Por Wagner Antonio de Araújo,
Papai dizia que seu sonho especial era aposentar-se, comprar um jipe e ver o pôr-do-sol na montanha da Meia Légua e ir dormir em Cambuí (MG). Tecia planos e planos para desfrutar disto plenamente. A época nunca chegou. Ele adoeceu, aposentou-se por invalidez e veio a falecer aos 59 anos de idade. O interessante é que meu irmão Daniel tornou-se herdeiro do mesmo sonho: ter um jipe, ver o pôr-do-sol na montanha e dormir na fazenda. Mas ele não esperou ter isso tudo para embebecer-se da beleza de um ocaso.
Ouço atualmente que Deus sonha, que os sonhos de Deus são estes, são aqueles. Escuto falarem que Deus vai dar Seus sonhos para nós. Bem, se sonho é desejo por realizar, e se Deus é soberano sobre todas as coisas, concluo que essa afirmação está errada. Deus não sonha. Deus não idealiza algo para o futuro, pois para Ele tudo é presente. Deus também não precisará lutar e tentar para conseguir; Ele pode todas as coisas. Nós sonhamos, mas Deus não. Sonhos são abstratos e, não raras vezes, inatingíveis. O grande desafio é fazer com que os nossos sonhos se adequem à vontade de Deus. Aí sim teremos a sincronia cósmica entre sonho e realidade, uma autêntica sinfonia!
Gosto da filosofia de vida que o Apóstolo Paulo assumiu para si mesmo: “vivo contente em toda e qualquer circunstância” . Quisera que todos pensássemos assim! Quisera que não fôssemos os 'eternamente insatisfeitos' , a clamar por coisas, objetos, situações ou sonhos, o tempo todo, nos ouvidos de Deus. Quisera que “a vontade de Deus para conosco” se cumprisse voluntariamente dentro de nós: “dar graças em tudo”. Há de se buscar algo de bom na experiência que se vive. Eu acredito que o caminho dos sonhos já é uma grande realização: nós amamos e desfrutamos do processo, da conquista, da luta, do ideal.
A felicidade não está apenas em alcançar um objetivo, mas em vivenciar o processo para esse alcance. Quantos de nós não choramos, saudosos, ao lembrar-nos dos anos imorredouros do primário, ginásio, colégio, universidade? Conseguimos os diplomas, mas estes, sem aqueles, seriam apenas documentos frios e estáticos.

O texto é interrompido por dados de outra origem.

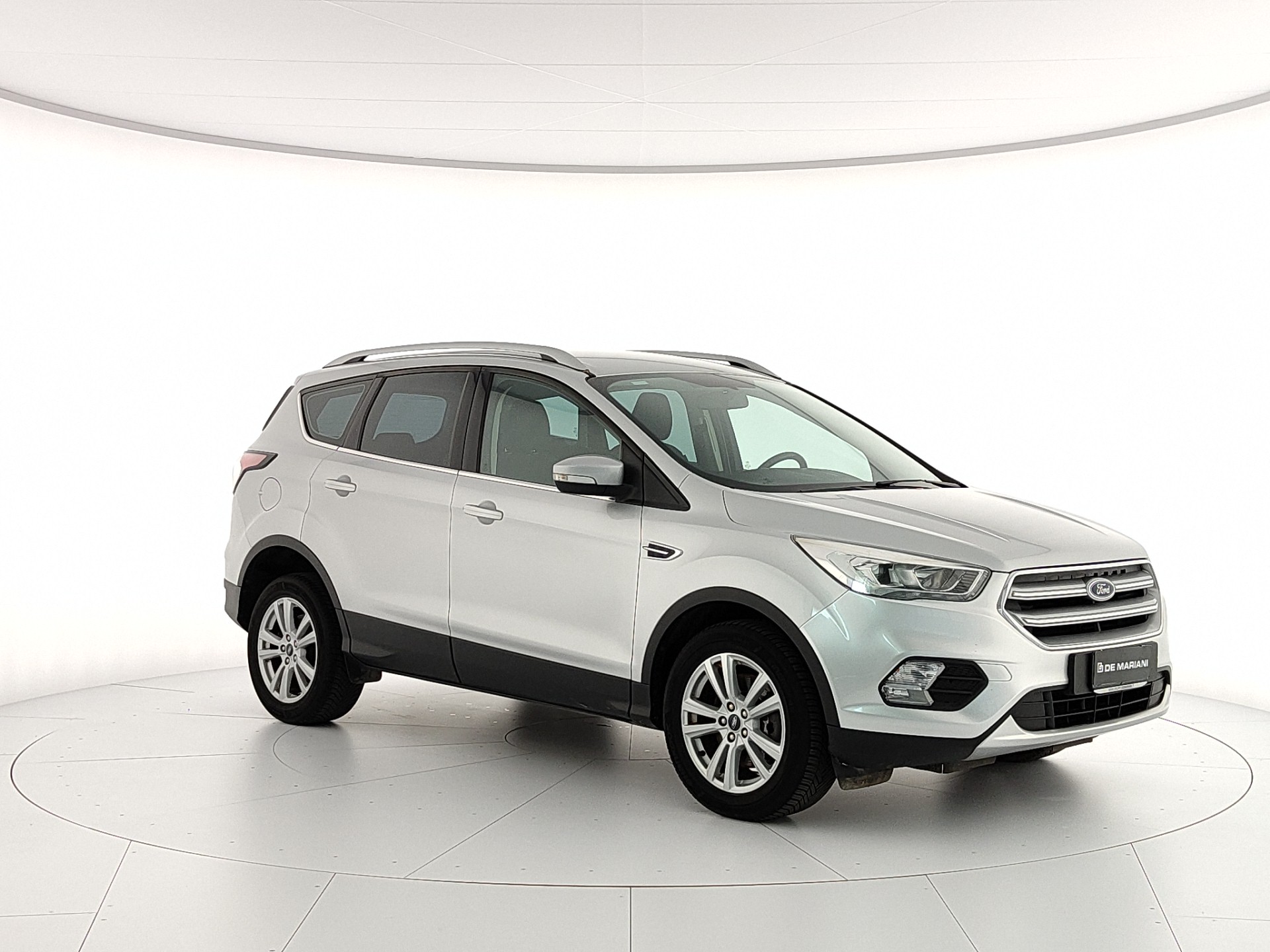 FORD KUGA 1.5 TDCI BUSINESS 2WD POWERSHIFT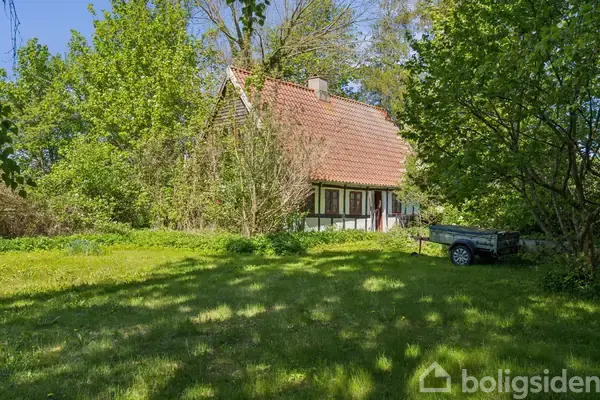 Villa på Bækvænget 8, 5853 Ørbæk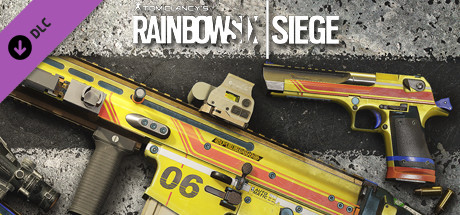 Wymagania Systemowe Tom Clancy's Rainbow Six® Siege - USA Racer Pack
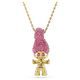 swarovski pink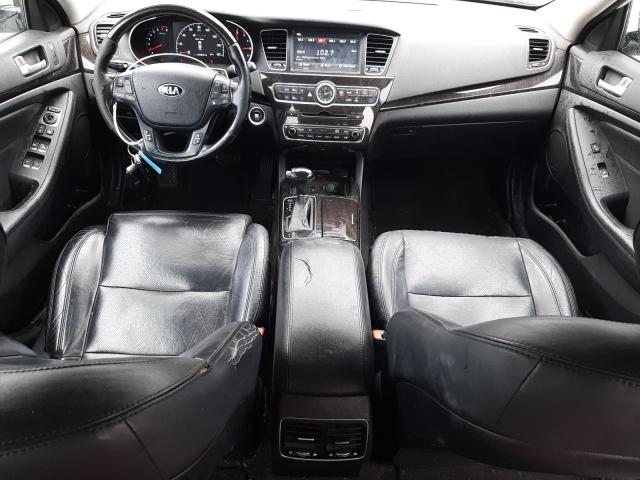 2015 KIA CADENZA PR - KNALN4D78F5179698
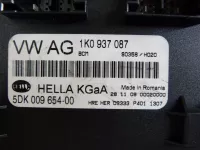 Блок комфорта на Skoda Octavia A5 — фото 3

Contudo, são preciosos, porque têm em seu bojo um cabedal de recordações preciosas. É o processo!
Viver é ter certeza de que somos temporários por aqui e que nada é nosso, tudo é emprestado. Quantas pessoas, há cem anos atrás, eram proprietárias de tanta coisa, fazendas, bens, engenhos, plantações, e hoje esse patrimônio não lhes pertence mais! A casa onde vivo era xodó do meu saudoso pai. Ele não mostrava a escritura, não dizia quanto custava, e havia lugares escondidos em seus documentos aos quais nunca tivemos acesso. Mas ele morreu e deixou tudo, e hoje somos nós que cuidamos do patrimônio que foi dele. Ele só levou sua alma, seu espírito, seus amores e a salvação imerecida, agraciada por Cristo. O resto ele deixou aqui. Se tivermos consciência de nossa temporaneidade, de nossa transitoriedade, valorizaremos muito mais as pessoas, os momentos, os instantes, as celebrações da vida.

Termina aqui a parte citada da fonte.